§ **EXERCISE INPUTS**
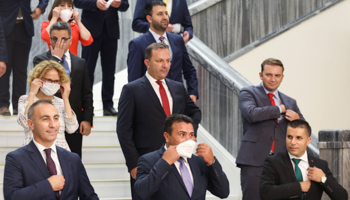 Zoran Zaev (bottom, centre) puts on facemask at group photo of new ministers, Skopje, August 30 (Reuters/Ognen Teofilovski)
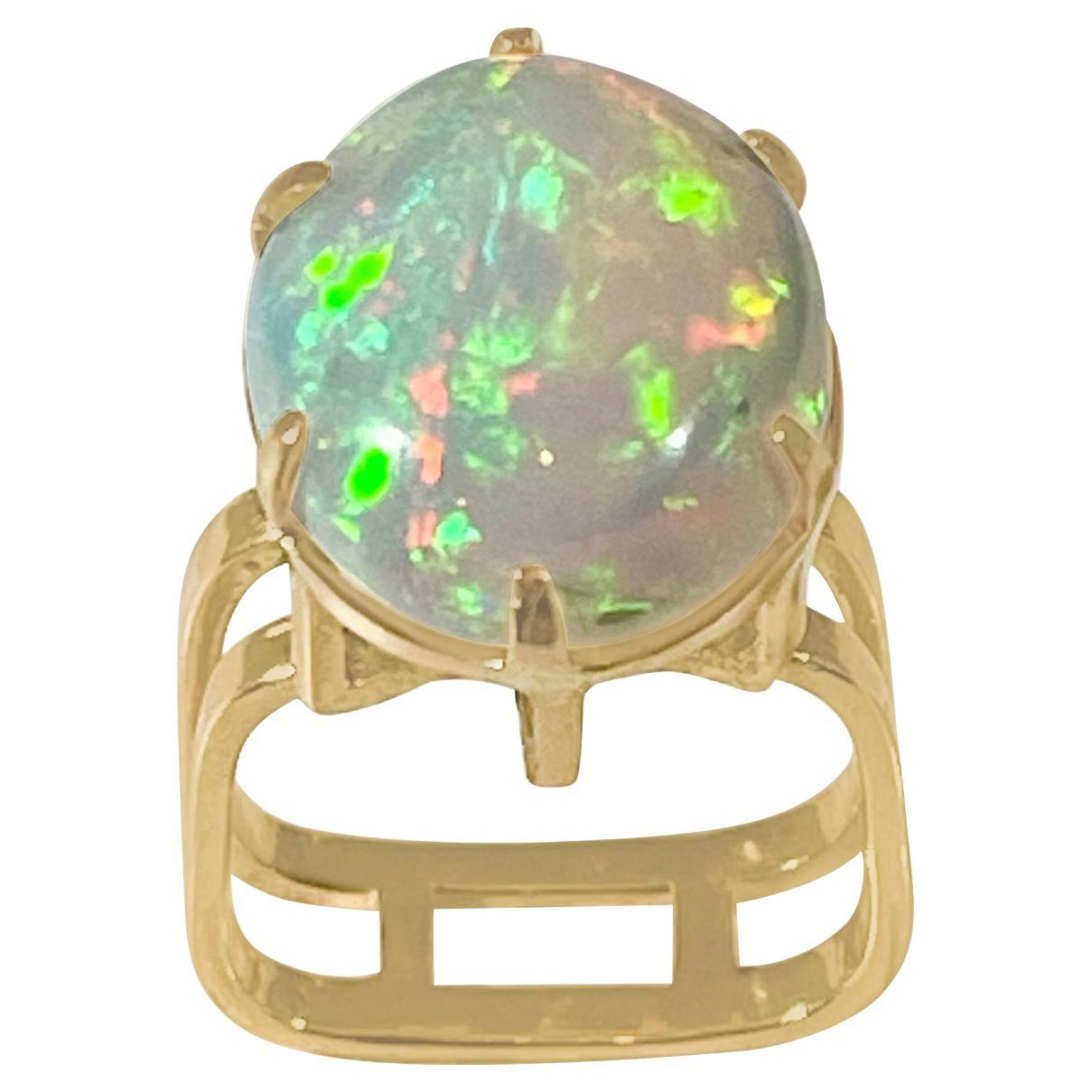 12 Carat Oval Shape Ethiopian Opal Cocktail Ring 14 Karat Yellow Gold For Sale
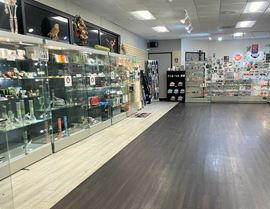 High Cash Flow Business with Drive-Thru Property on .81 AC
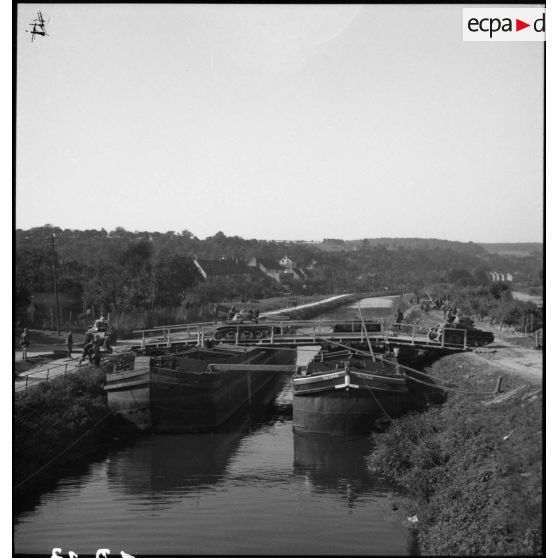 Des chars Renault R35 de la 4e armée traversent un canal sur un pont de péniches.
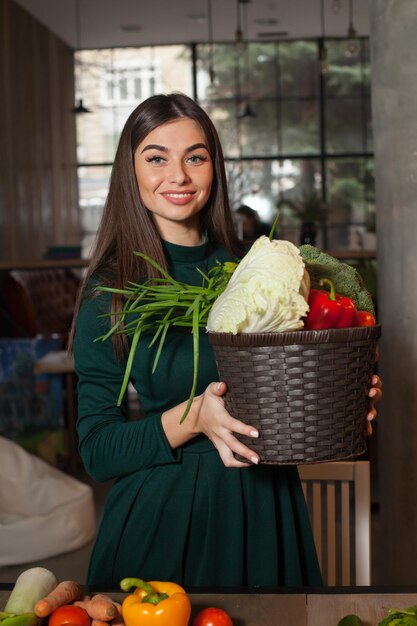 La donna è in piedi con un cesto di verdure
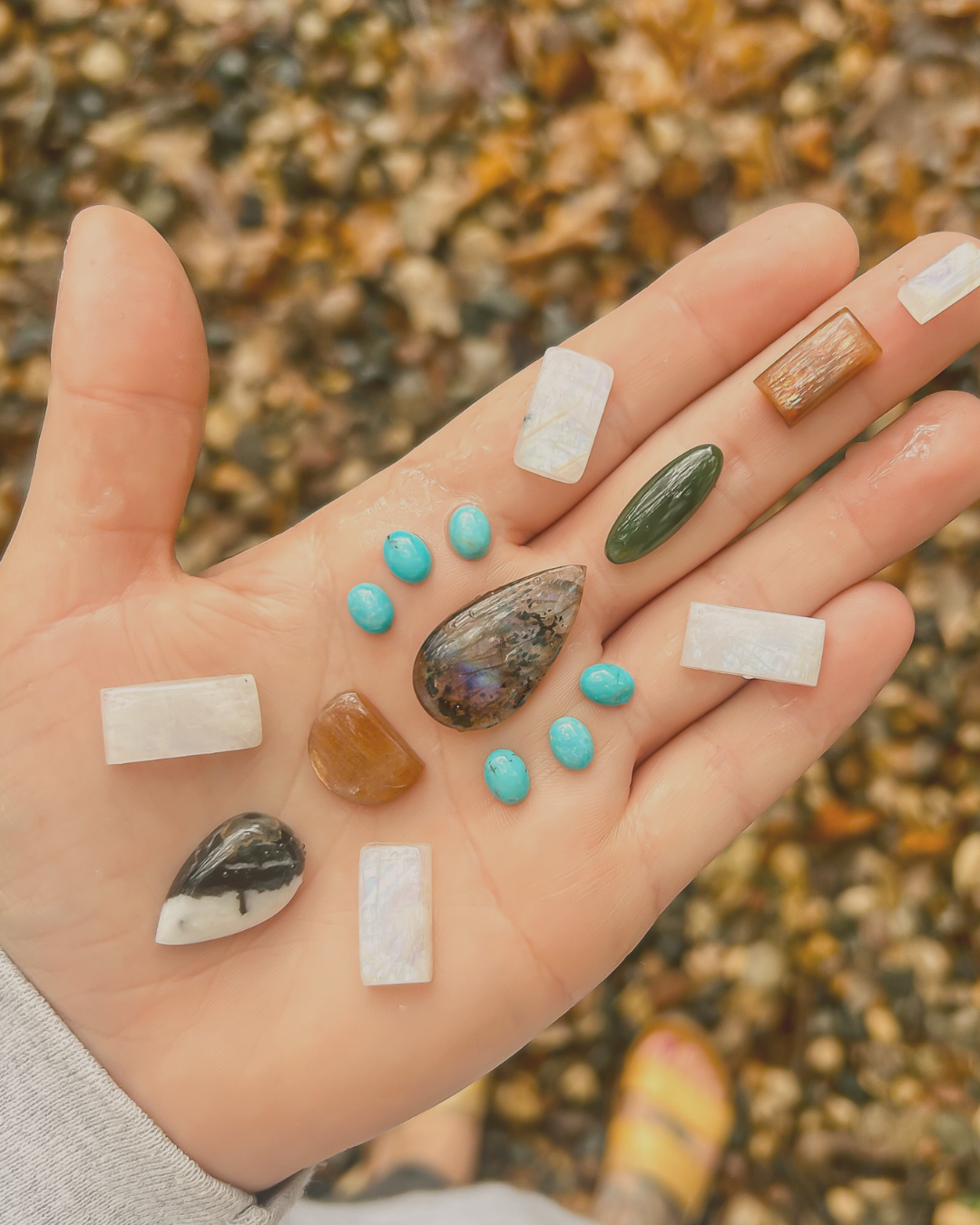 Open palm holding an assortment of polished stones including turquoise, moonstone, and jasper against a blurred pebble background.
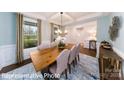 Dining room with table set for six, large windows, and decorative wall hangings at 7030 Butternut Oak Ter, Huntersville, NC 28078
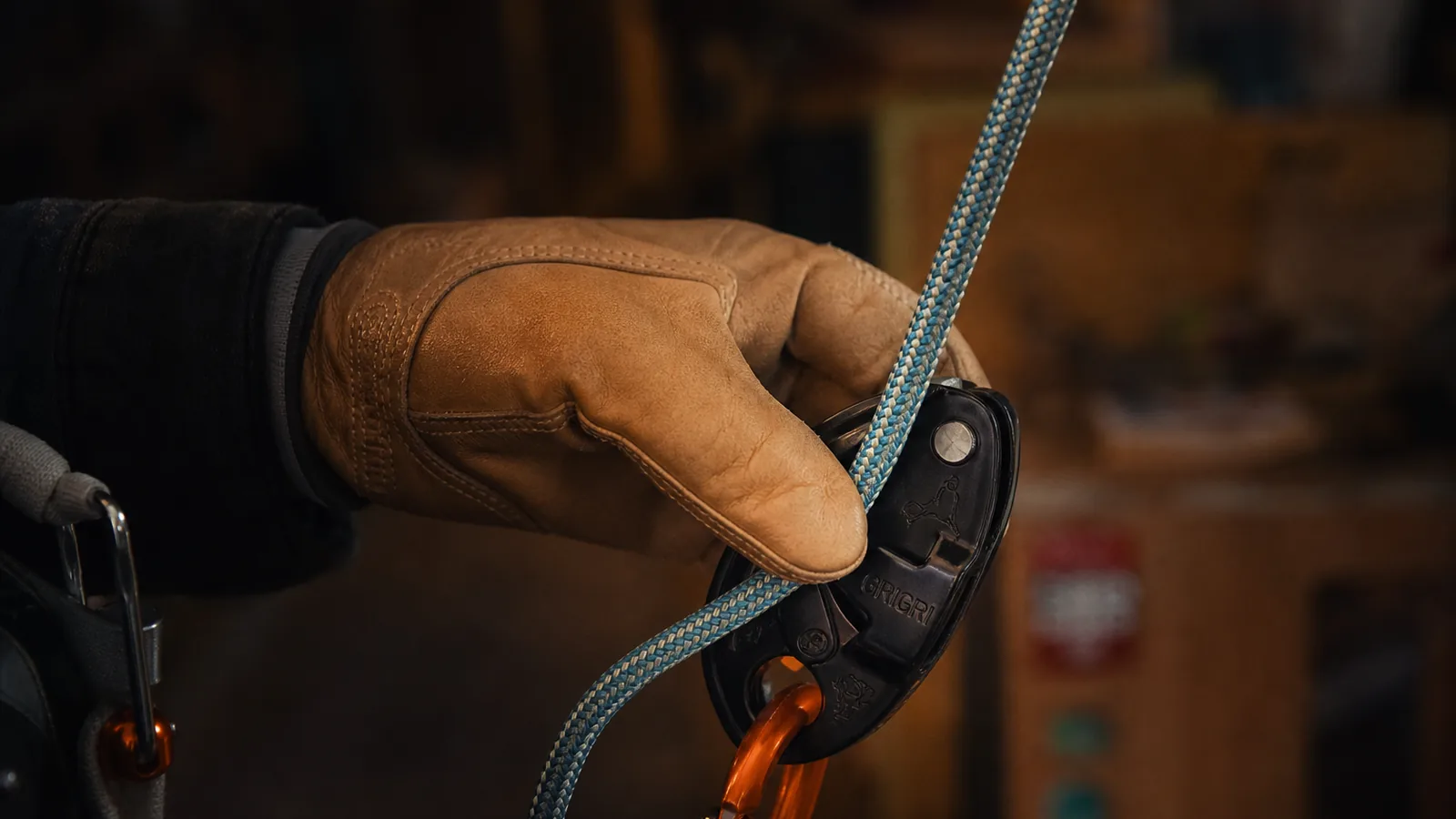 Paire de gants d'assurage en cuir nubuck accrochés à un baudrier par un mousqueton, vue de près en lumière naturelle, sangle de poignet visible, paume légèrement marquée par l'usage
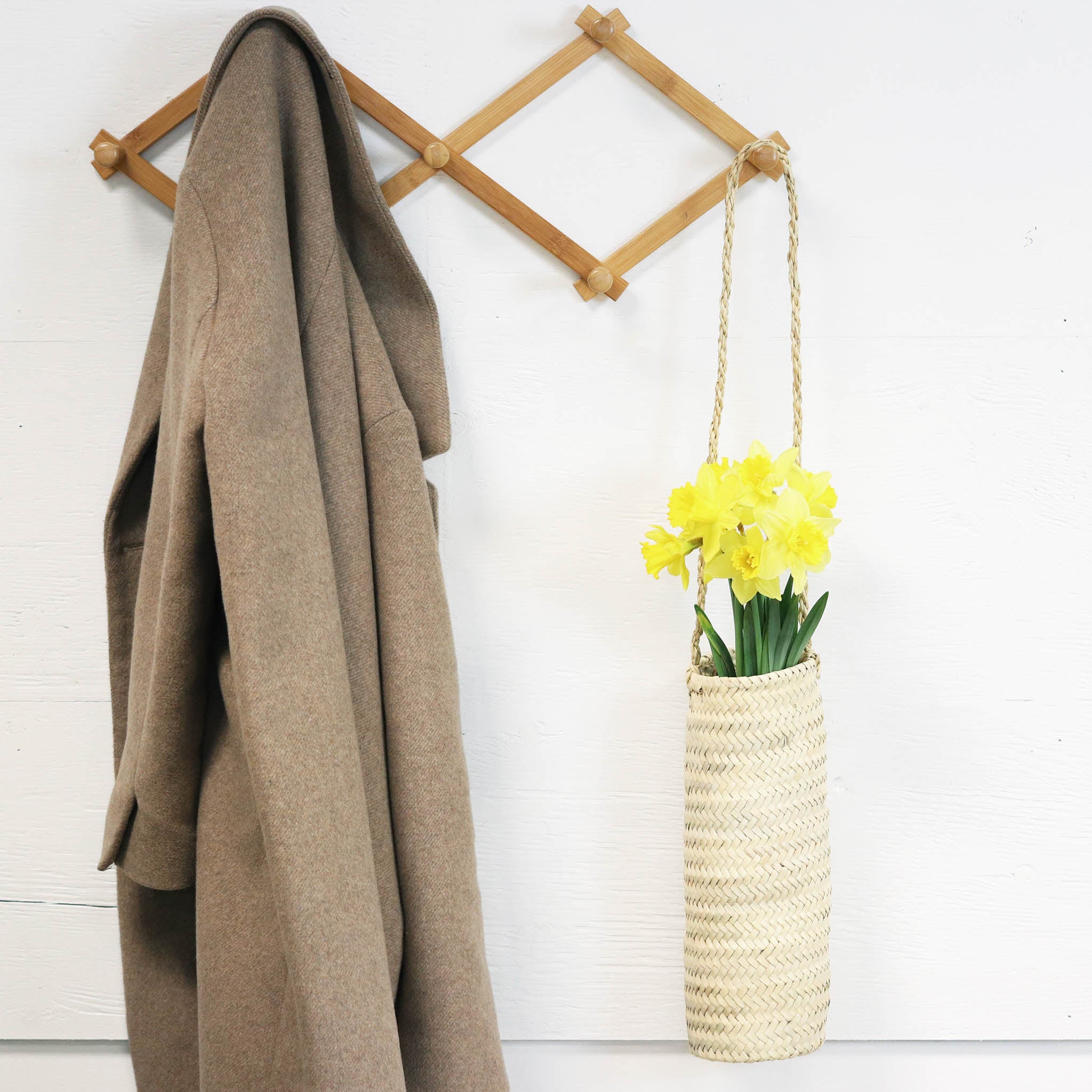 handwoven straw hanging planter with strap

§ **WHAT IS REQUIRED**
Print every line above once more, exactly. Omit the pictures.

§ **ANSWER TO THE EXERCISE**
 Zoran Zaev (bottom, centre) puts on facemask at group photo of new ministers, Skopje, August 30 (Reuters/Ognen Teofilovski)
 12 Carat Oval Shape Ethiopian Opal Cocktail Ring 14 Karat Yellow Gold For Sale
 High Cash Flow Business with Drive-Thru Property on .81 AC
 Des chars Renault R35 de la 4e armée traversent un canal sur un pont de péniches.
 La donna è in piedi con un cesto di verdure
 Open palm holding an assortment of polished stones including turquoise, moonstone, and jasper against a blurred pebble background.
 Dining room with table set for six, large windows, and decorative wall hangings at 7030 Butternut Oak Ter, Huntersville, NC 28078
 Paire de gants d'assurage en cuir nubuck accrochés à un baudrier par un mousqueton, vue de près en lumière naturelle, sangle de poignet visible, paume légèrement marquée par l'usage
 handwoven straw hanging planter with strap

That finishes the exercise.